Hace pocos días Estados Unidos anunciaba que bajo el suelo afgano había importantes recursos energéticos. ¿Cree que éste fue el motivo real de la intervención?
El principal motivo para ocupar Afganistán fue su localización geoestratégica. Estamos en el corazón de Asia y desde allí pueden controlar el gas y el petróleo de los países vecinos, la producción mundial de droga y vigilar a China. Con los talibanes casi no se cultivaba opio y tras la intervención somos el principal centro de producción mundial. Incluso el hermano de Karzai es un famoso narcotraficante. Nadie se atreve a decir que las tropas internacionales lo permiten y los perjudicados siempre son los más pobres.
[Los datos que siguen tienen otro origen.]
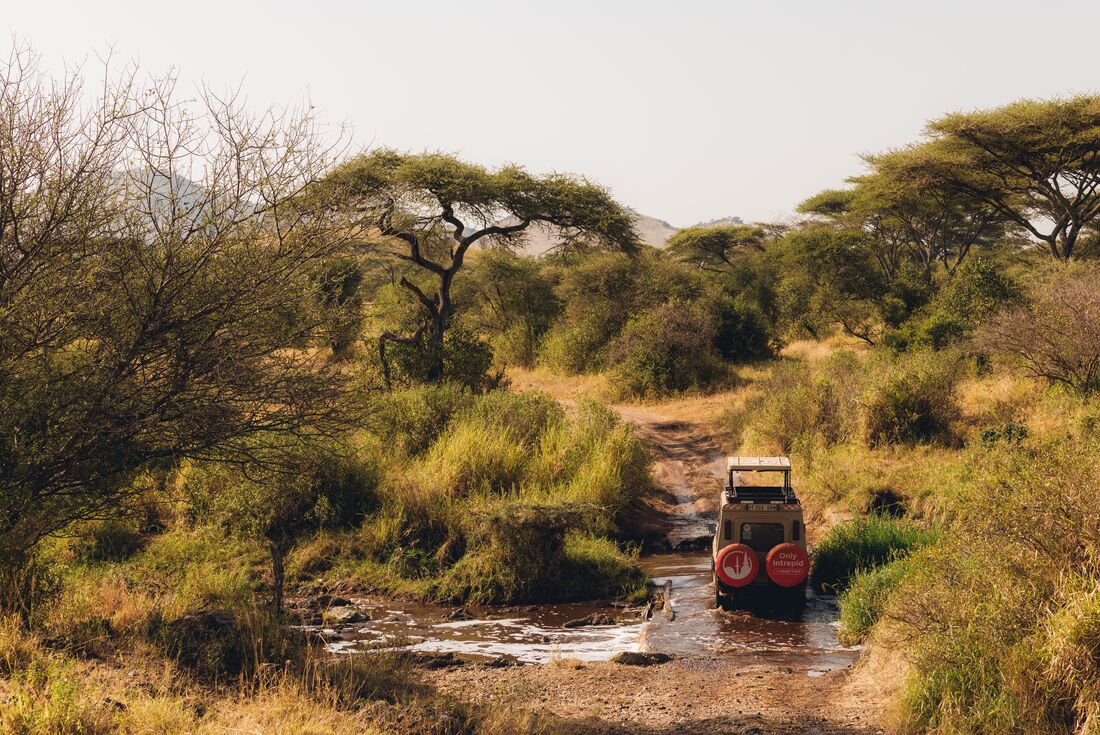 Crossing the green belt of a river on the golden grasslands of Serengeti National Park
EEUU y la OTAN no quieren estabilizar el país porque necesitan justificar la ocupación y aprovecharse estratégicamente y económicamente del país. Las fuerzas internacionales y los terroristas están jugando a Tom y Jerry.
Así, ¿no confía en la promesa de Obama de empezar la retirada en 2011?
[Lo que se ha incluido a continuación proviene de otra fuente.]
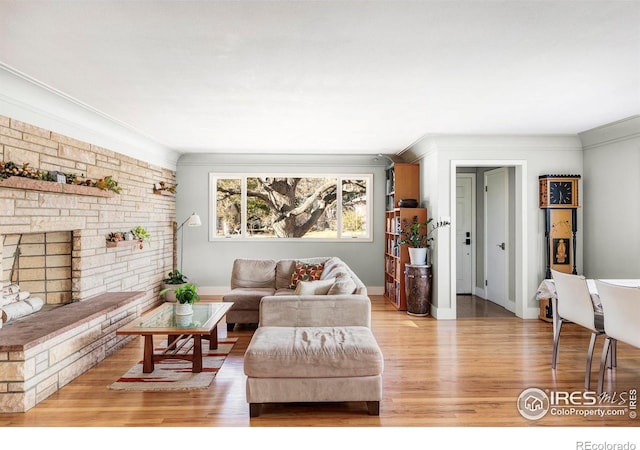 living room featuring a fireplace, ornamental molding, and light hardwood / wood-style floors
No, nunca, esperan quedarse allí mucho tiempo.
Usted fue expulsada del parlamento en la legislatura que finaliza. ¿Volverá a presentarse en septiembre?
Me lo han pedido desde muchas partes del país, pero tras hablarlo con mis seguidores, no concurriré. No serviría para nada, el jefe de la comisión electoral, Fazal Ahmad Manawi, es enemigo mío declarado y la corrupción es tan profunda que no me permitirían ganar. Creo que en el próximo parlamento habrá más señores de la guerra, más talibanes y más narcotraficantes. El propio Manawi es un señor de la guerra. No serán unas elecciones democráticas.
Cuando la expulsaron, ¿echó de menos el apoyo de las otras diputadas?
Los diputados que me apoyaron se pueden contar con una mano, incluso cuando me insultaron y agredieron. En el parlamento siempre me sentí muy sola, pero fuera de él siento que tengo el apoyo de la gente.
¿Este movimiento de gente demócrata que dice que piensan como usted podría desembocar en la creación de un partido independiente?
Hay una resistencia popular formada por afganos de a pie, estudiantes, intelectuales… Hay mucha gente que lucha por los derechos humanos arriesgando sus vidas, porque sabemos que es algo que no nos va a traer desde fuera. Pero cualquier intento de crear una fuerza política progresista es marginado y se le intenta silenciar. De momento trabajamos desde la base, creando conciencia entre los jóvenes, y a poco a poco surgirá algo real. Al final hemos sacado algo positivo de la situación: la creación de una conciencia política entre la población.
Su vida corre peligro en Afganistán. ¿No se ha planteado exiliarse?
Nunca, no puedo dejar a mi gente y a todos los que arriesgan sus vidas por ayudarme y que no tienen la opción de irse. Aunque desde la clandestinidad no puedo dar todo el apoyo que me gustaría a las víctimas, necesito sentirme cerca. Debo aprovechar mi fama para luchar, no para irme.
Usted es positiva. ¿Sinceramente, es optimista sobre el futuro de Afganistán?
Soy optimista para seguir luchando. No temo a la muerte, temo al silencio político sobre las injusticias que sufre mi país. Las víctimas me dan fuerza día a día. Si luchamos, podemos fracasar, pero si no luchamos seguro que fracasamos. Quizás los frutos se vean en otra generación, pero es nuestra responsabilidad.